Andrei, uma coisa que queria repercutir com vocês é o seguinte: em se partindo da mistificação de que a seleção brasileira foi derrotada principalmente pelo estado emocional, alguns farsantes hão de proclamar por consequencia que o maior mérito da seleção espanhola seria o controle emocional. Este raciocínio levado às últimas consequencias pode sugerir que um time formado por monges budistas seria forte candidato à copa. Nessa linha esquecemos que a campeã tem um treinador de verdade, que mudava a escalação e o posicionamento em campo conforme o adversário.

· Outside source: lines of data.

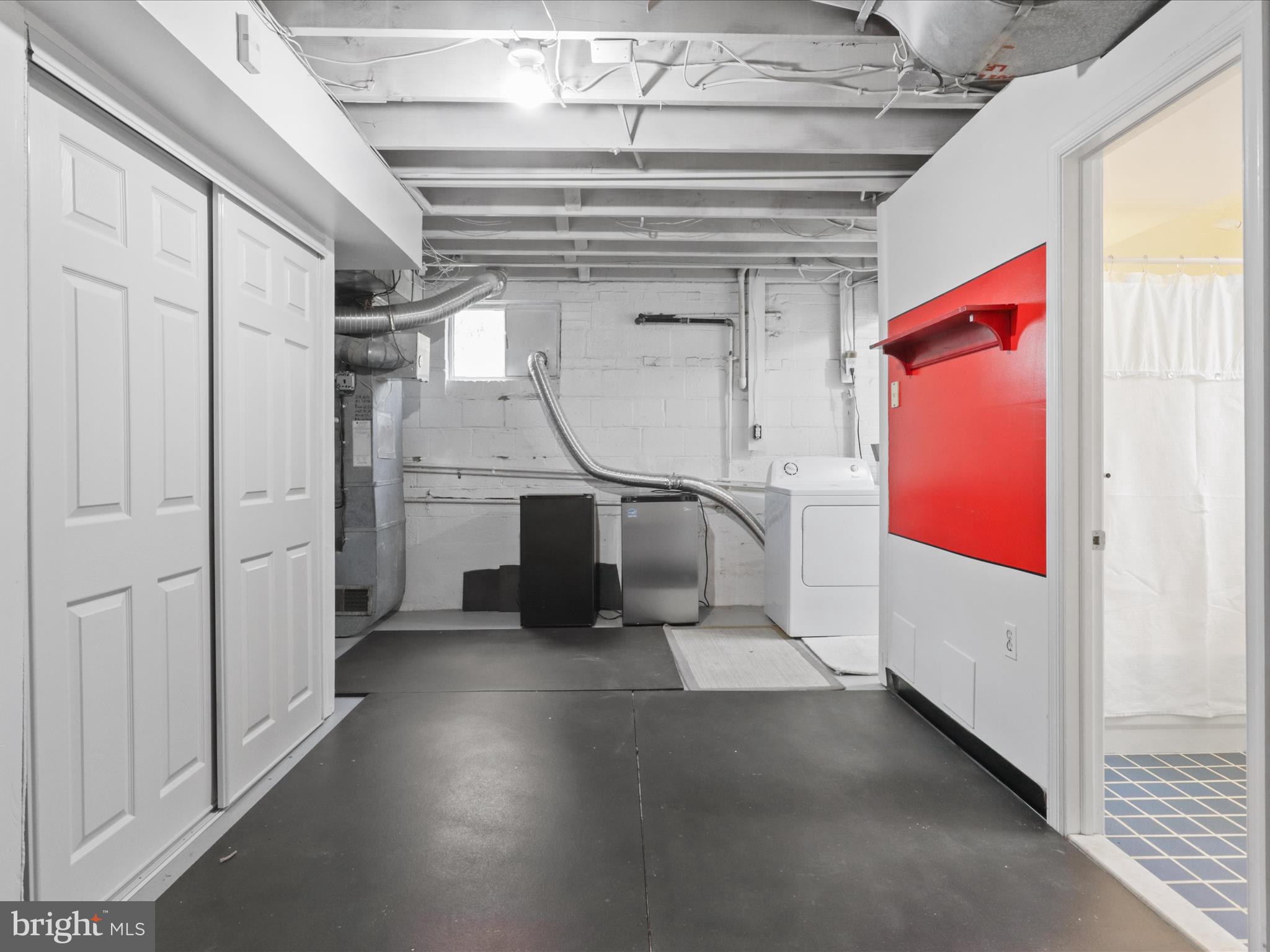 SLEEPY HOLLOW MANOR - Residential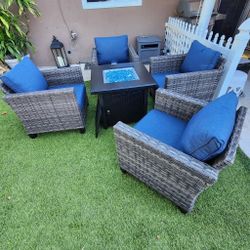 New Fire Pit Patio Set/ Outdoor Furniture/ Conversation Set 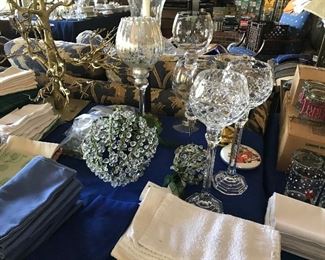 This shade of green balls and chrystal is beautiful. The linens are the best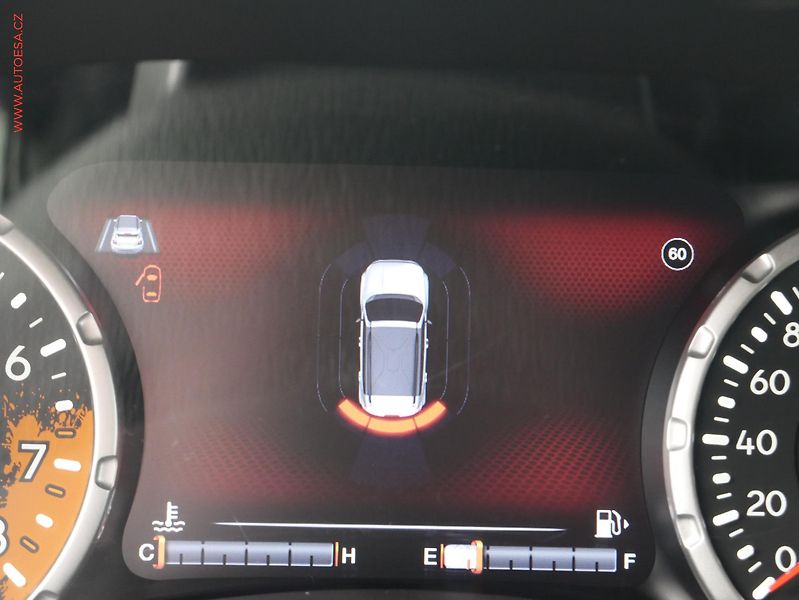 Jeep Renegade (2016) 1.4 MultiAir limited, ČR, AC - fotka 13 z 19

Esquecemos que a campeã tem um time bastante técnico, um meio-campo todo ele qualificado, onde até o primeiro homem sabe sair com a bola, toca bem e chega com perigo ao ataque. Esquecemos que mesmo tecnicamente qualificados os jogadores eram taticamente bem treinados, operosos e eficientes, sem apelar à violência e a um esquema tacanho. Ou seja, se o que chamamos de senso comum não percebe as reais motivações da nossa derrota, e o que é pior, não percebe os verdadeiros motivos do sucesso espanhol, é de se esperar que, exceto o “descontrole emocional”, podemos e devemos repetir os mesmos erros ou ainda erros diferentes, dificilmente seguiremos as lições deixadas pelos campeões e, provavelmente, estaremos nas próximas copas à espera de um salvador da pátria, que “extermine” o “bode expiatório” do malogro mais recente, e nos conduza, cegos e burros, a mais uma “vitória mágica”, ou a mais um malogro. E entre “vitórias mágicas” e malogros, dificilmente nossa sociedade poderá perceber que sendo o futebol uma metáfora da vida, nos erros, geralmente, estamos plantando malogros, e nos acertos, geralmente, construímos as vitórias. Esperemos o sebastião da vez.
Julinho,
Pensava nisso, há pouco. Mais precisamente, pensava numa idéia que se vai cristalizando aos poucos.
As pessoas depositam enormes expectativas no mundial de 2014, a ser disputado no Brasil. E adotam uma variante de teoria conspiratória que assume que os insucessos são necessários para os sucessos porque há uma enorme conspiração por trás.
É trágico. Que alguns insucessos sejam condição de outros sucessos, é verdade desde que haja aprendizado. Mas, não porque seja tudo jogo de cartas marcadas. É profundamente tolo, além de tudo.
O caso espanhol é de talento e, sobretudo, de inteligência. Como disse o Miguel, na postagem anterior, a Espanha é o triunfo da inteligência, que estava no Barcelona, e a superação da Fúria.
De minha parte, tenho como exemplo o caso de 1998, em que o Brasil perdeu porque jogou pior que a França. Todavia, todo sujeito que achava de falar de futebol dava-se ares enigmáticos e falava de uma conspiração que não conseguia nem mesmo delinear.
Ora, se algo mafioso aconteceu foi a escalação do Ronaldo sem condições de jogar. O resto jogou-se em campo!
Foste muito preciso ao apontar que esperamos vitórias mágicas, depois de nos purgarmos dos bodes expiatórios, linchando-os e votando-os ao ostracismo.